Being independent now has completely submerged into my thoughts.
I am afraid of what my journey could lead me, mother advise not to be coward in facing what life has to offer otherwise it may ruin the fate I have.
As the car started I saw my mother wiping her tears their is a pang of sadness within.
I needed to look away just to drift my mind from saying I should not go.

My life with my mother care and love has been so perfect I am not afraid when I'm with her, she assure me that I am safe with God grace.
I remember all her sacrifices just to make us her happiest children .Hardworks and perseverance I saw on her.
When I am sleeping she sang me a lullaby especially when thunders and rain came. She taught me how to read, write and love whole heartedly.

Growing up when I made a lot of mistakes sometimes I also hurt her by words without even saying sorry or even a single thank you for all the sacrifices she had.
Selfishness came across in my heart I only think all about me not what my mother feels so sad came realization too late.
I could not stand when she scolded me I replied back shoutedly that day I saw her for the first time a tears flooded into her cheeks. Who on earth made my mother cry! It was me the ungrateful child.
I'm now 23 becoming a woman so busy growing don't even know my mother is growing old.
Wrinkles has been in her face, skin sagging and she is now not so strong compare to the past years.
Looking her eyes I saw sadness I am in guilt but I never even bother to ask her if she is okay.
All I think is success base on money, fame and power although I have the most precious gold in me my mother I become the selfish person never thought I could be.
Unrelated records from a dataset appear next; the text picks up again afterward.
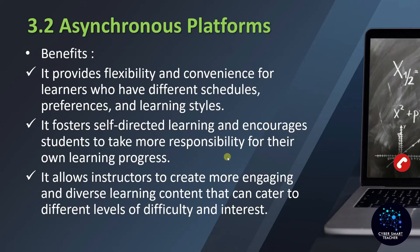Benefits: it provides flexibility and convenience for learners who have different schedules, preferences, and learning styles, like we have in our course. There are many teachers and faculty who are working somewhere, and students who are doing other courses, so the timing may not match for everyone. In that case, the asynchronous mode is very useful.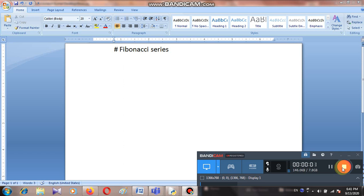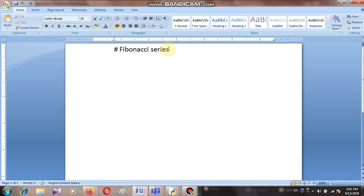Good morning children. Today we will learn about the Fibonacci series in Python programming, basically in conditional statements. This Fibonacci series is a very important program. So let's see what is Fibonacci series.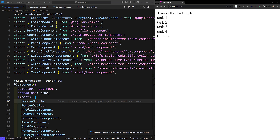ContentChild is a decorator in Angular that provides a way to access a child component, directive, or DOM element from a parent component class. It is part of the Angular content projection mechanism, which allows you to inject content from a parent into the child. The ContentChild decorator is used to get the first element or directive matching the selector from the content DOM.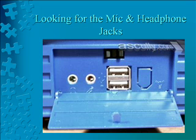Looking for the mic and headphone jacks on your computer. Older model computers did not utilize color coding for the headphone and microphone jacks. Here you see the headphone jack is on the left-hand side and underneath it is embossed the headphone symbol in the metal case. To the right of it is a microphone jack.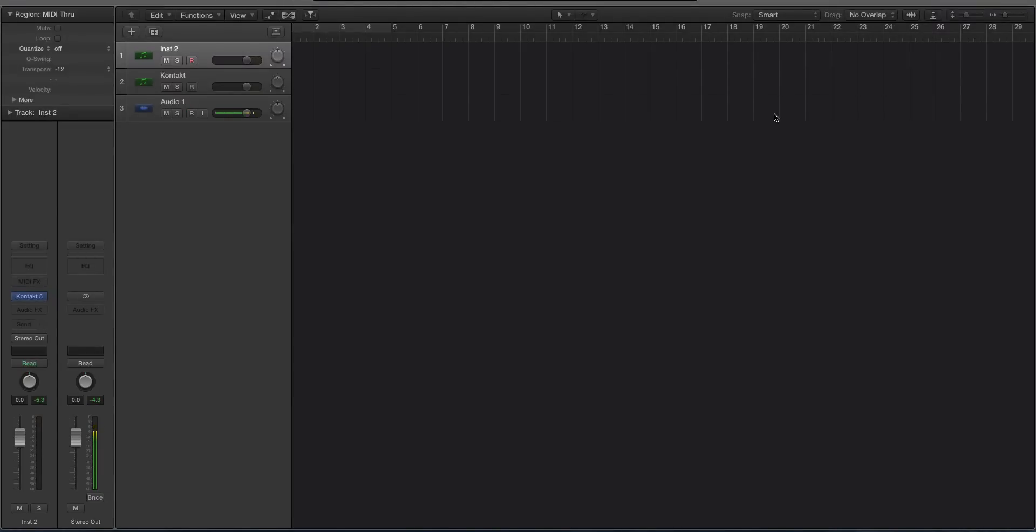Hey guys, this is Echo Soundworks, and you are checking out a Kontakt tutorial for ADSR. In this video, I'm going to show you how you can make better sounding 808s, especially if you're a Logic user.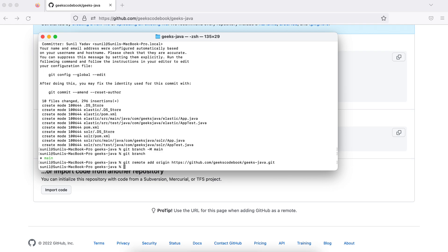Now everything is done locally and you need to push your code to the remote repository on GitHub. The command is 'git push -u origin main'. We use 'origin' because that is the name we assigned to the remote URL, and 'main' is our branch name. If everything is correct, you will be able to push your code.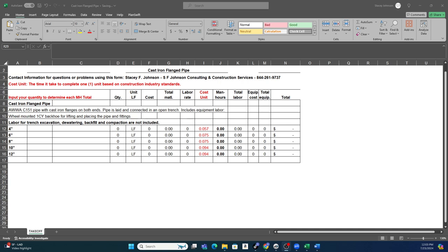And so for this small one, this one's only $10.99, and it goes from sizes 4-inch all the way up to 12-inch, specific for only cast-iron flange pipe.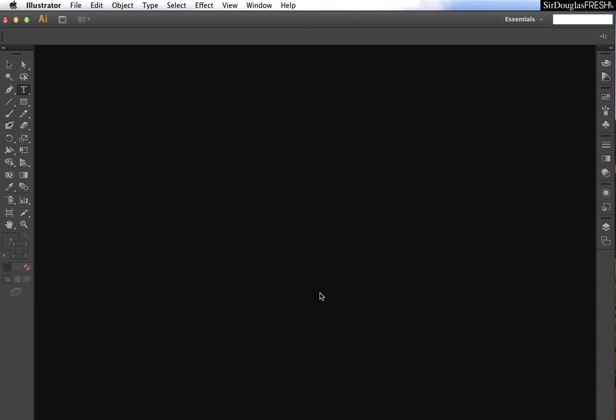Alright guys, today we're going to talk about template files. Now the difference between an Adobe Illustrator file and an Adobe Illustrator template file is the extension. A template file is .AIT, an Adobe Illustrator file is .AI.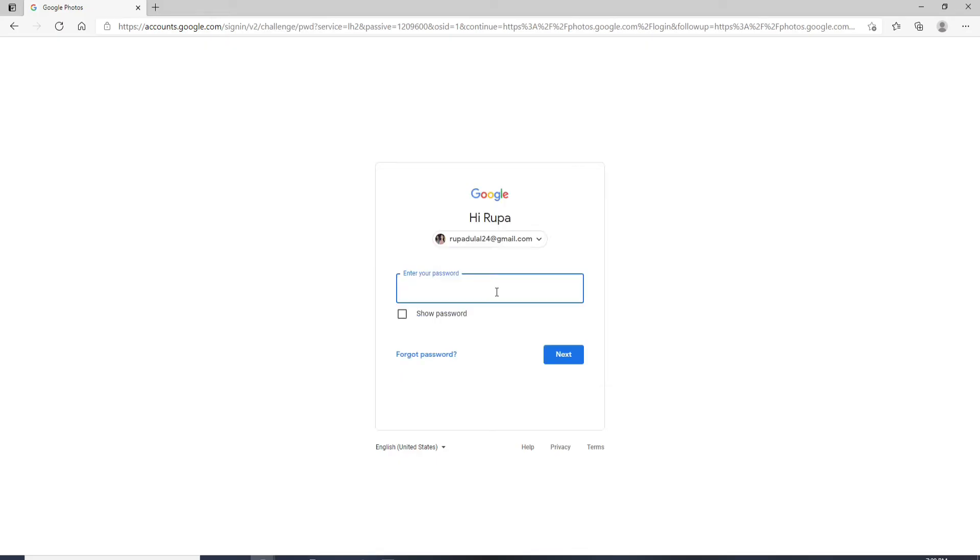On the next page, type in the password for your Google account. You can double-check your password by clicking on the box that says Show Password. Once you're sure you have typed in the correct one, go and click on the Next button.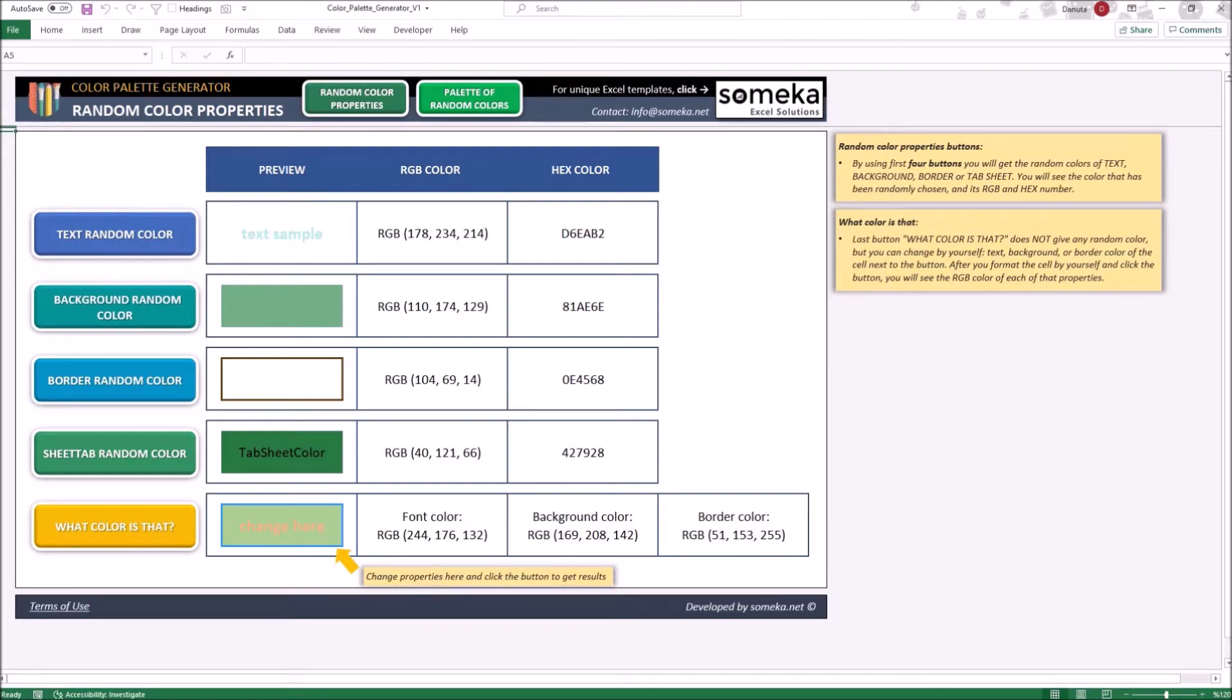The random color property contains five main buttons. First four of them generate a random color of a different property: text, background, border or a tab sheet.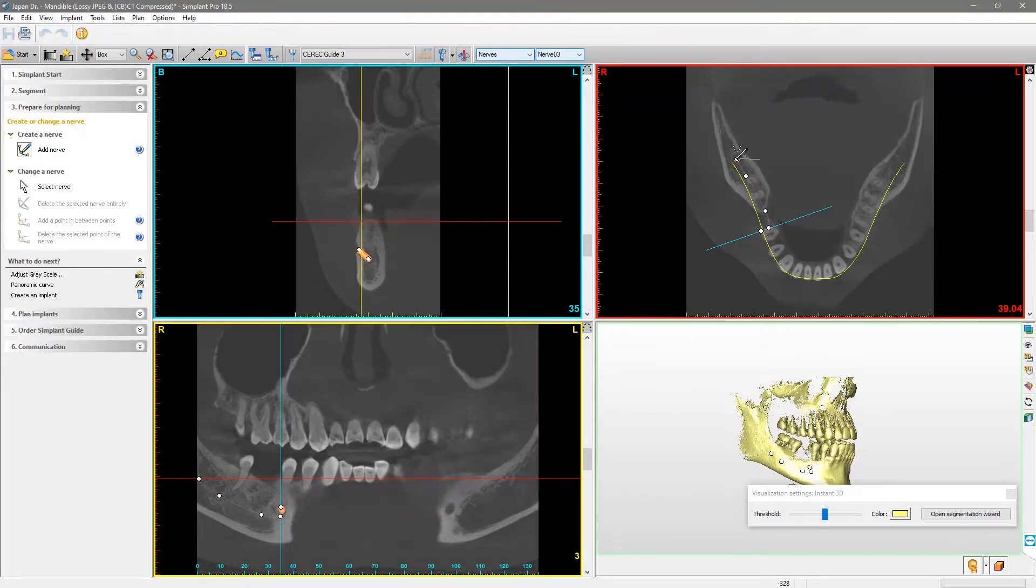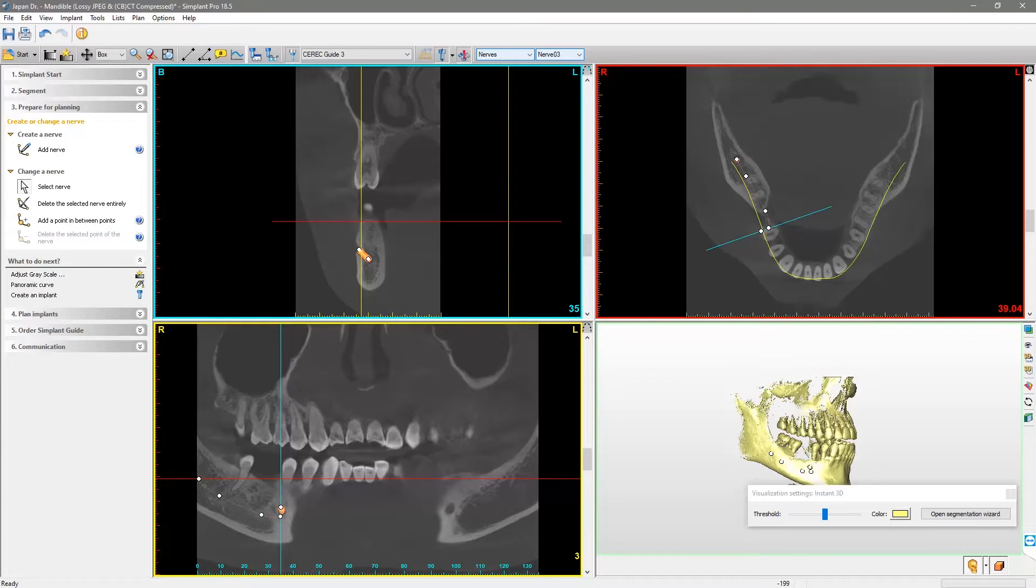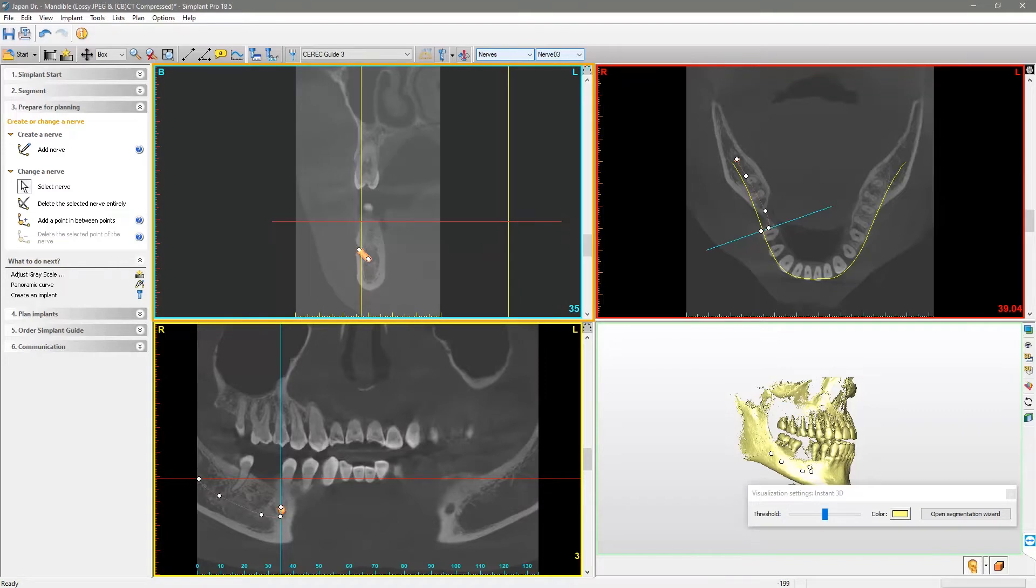After you have placed the last point in the mental foramen, you finish drawing the nerve by right-clicking. If necessary, repeat the drawing of the nerve in the other quadrant. Next, we will scroll through the cross-sectional view in order to review the nerve path.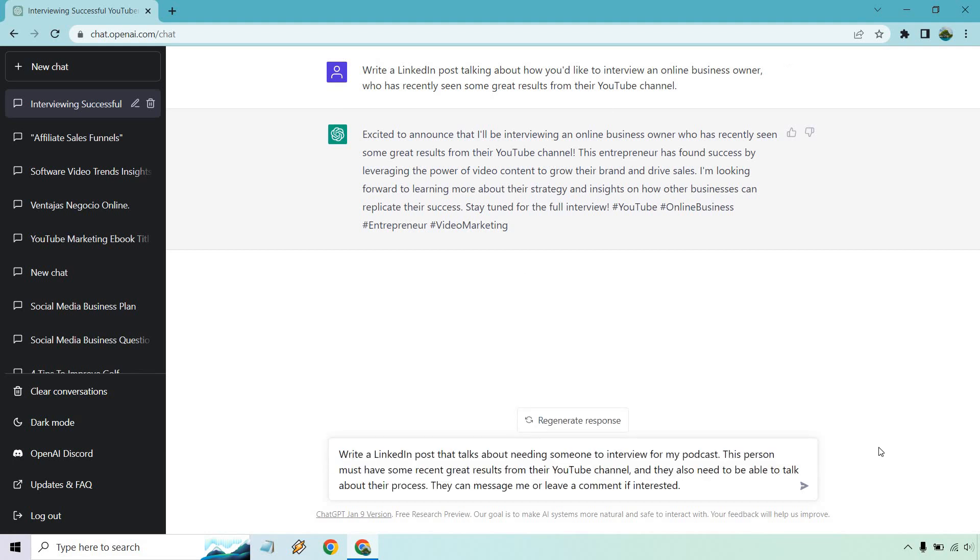Alright. So I put write a LinkedIn post that talks about needing someone to interview for my podcast. This person must have some recent great results from their YouTube channel, and they also need to be able to talk about their process. They can message me or leave a comment if interested.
Mother continue to nurture me with kindness ,love and understanding.
One offer suddenly came a job I've been eyeing for with high salary and promising entitlement this is what I am dreaming for!
But all of a sudden I see my mother living alone into this tiny apartment who will take care of her?
Then she assure me she can take care herself not wanting me to say no to the offer.
Now I am here in the car with all the things I been packed for the past two days. Their is guilt, their is sadness gow could I let myself to drown in all of this where my mother would be basically not strong to take care herself all alone.
Then a decision came for once.
I hugged her so tight and lead her to our house.